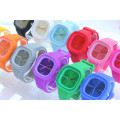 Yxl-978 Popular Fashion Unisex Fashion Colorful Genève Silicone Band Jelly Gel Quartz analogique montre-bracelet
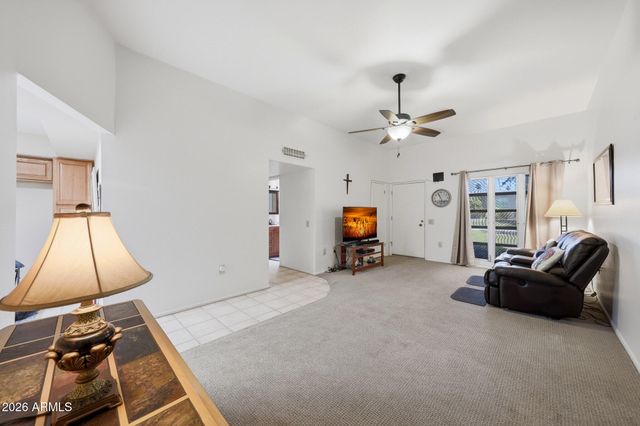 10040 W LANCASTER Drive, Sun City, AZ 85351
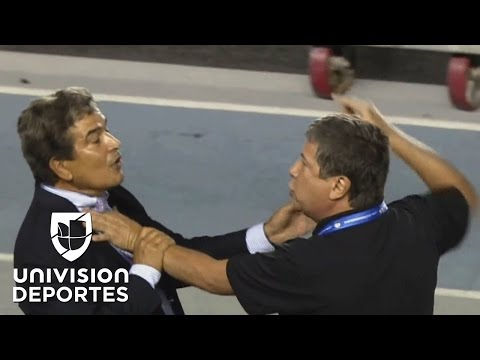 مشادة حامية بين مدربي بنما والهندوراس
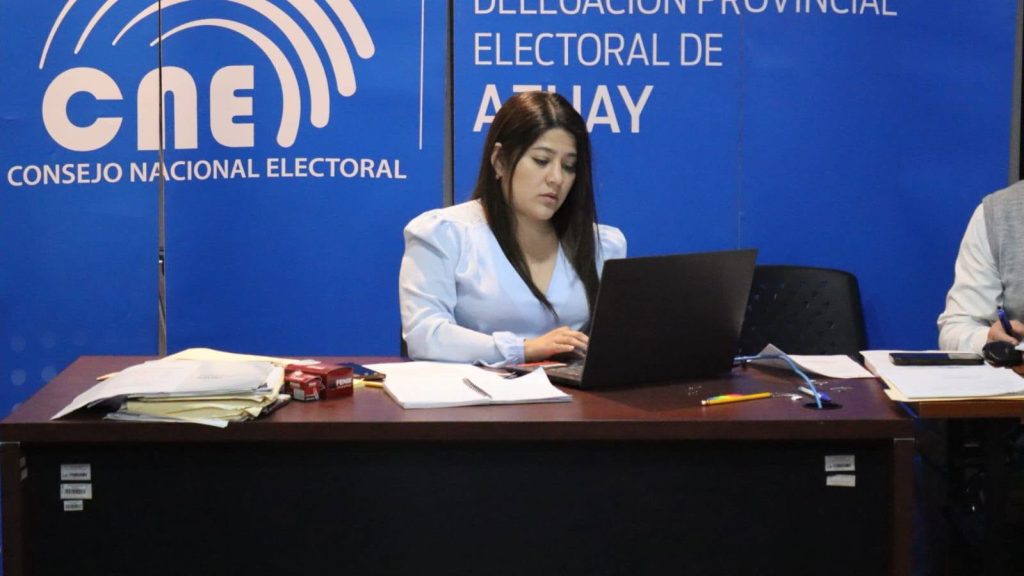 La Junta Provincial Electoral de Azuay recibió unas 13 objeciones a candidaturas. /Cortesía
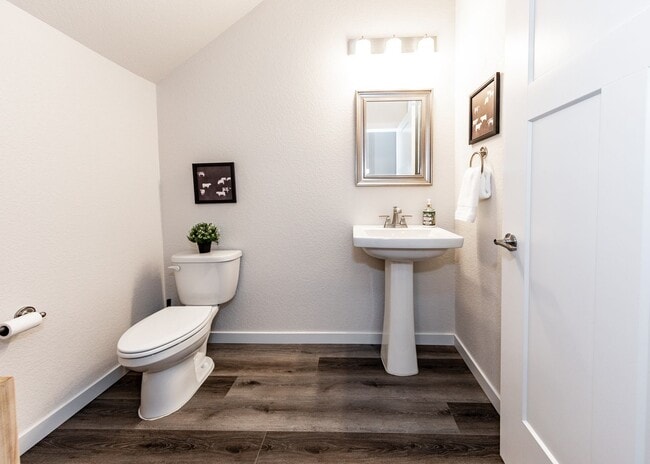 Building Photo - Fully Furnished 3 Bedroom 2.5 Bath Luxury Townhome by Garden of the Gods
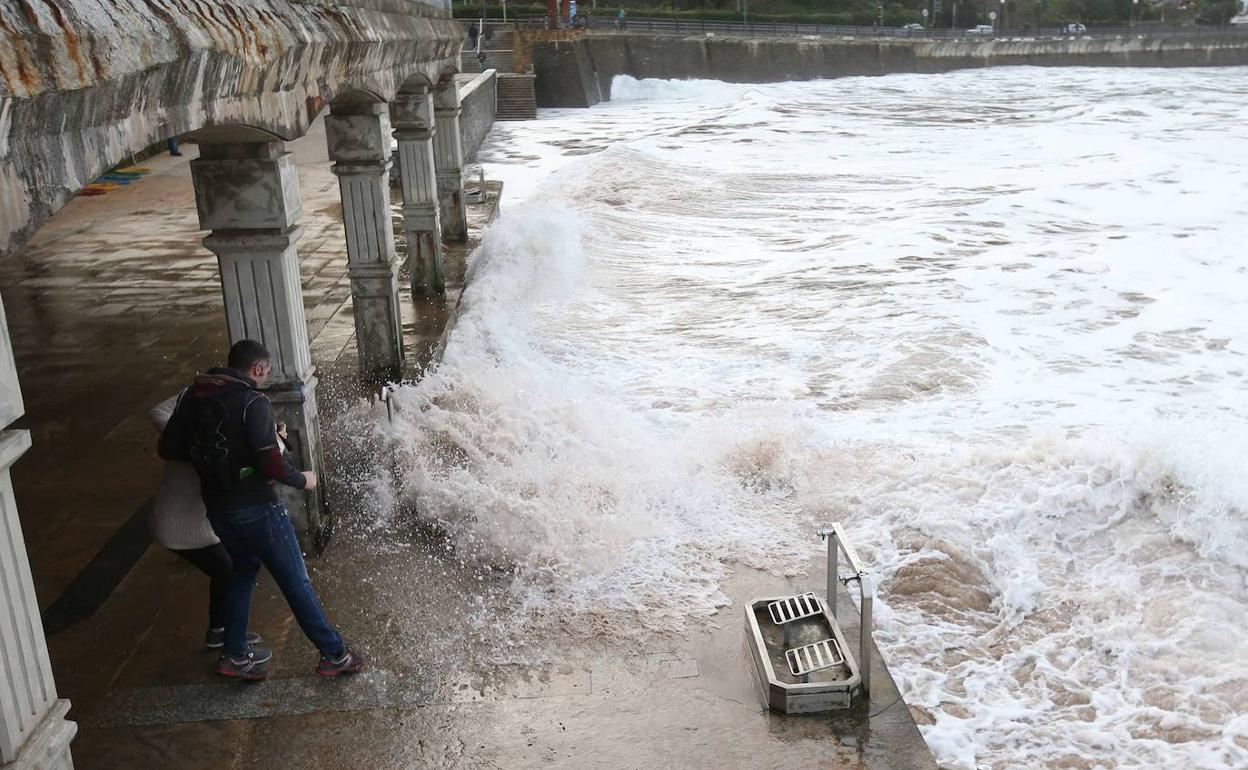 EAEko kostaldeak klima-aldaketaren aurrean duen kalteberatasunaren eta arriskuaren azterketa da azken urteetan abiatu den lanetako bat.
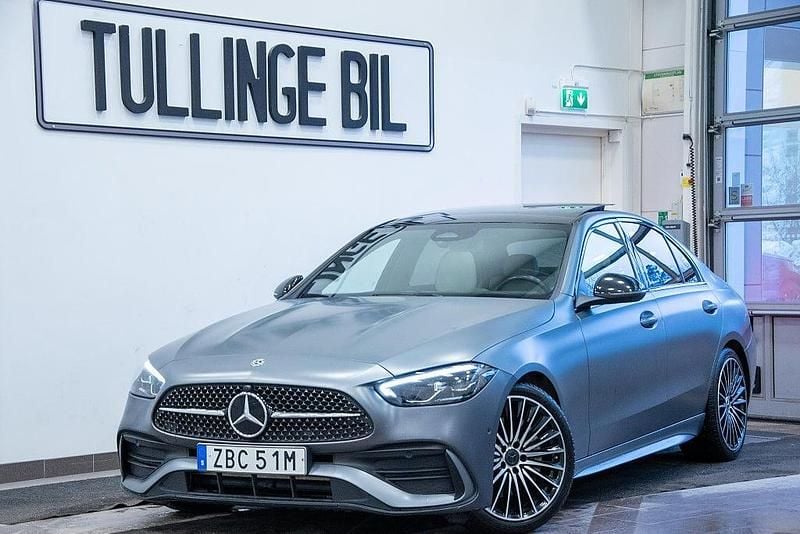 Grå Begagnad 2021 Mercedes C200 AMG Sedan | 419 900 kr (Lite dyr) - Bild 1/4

*Exercise prompt:*
Working from the line containing "EAEko kostaldeak klima-aldaketaren" to the last line of the data, retype every line exactly, both ends included, and leave out all pictures.

*Finished task:*
 EAEko kostaldeak klima-aldaketaren aurrean duen kalteberatasunaren eta arriskuaren azterketa da azken urteetan abiatu den lanetako bat.
 Grå Begagnad 2021 Mercedes C200 AMG Sedan | 419 900 kr (Lite dyr) - Bild 1/4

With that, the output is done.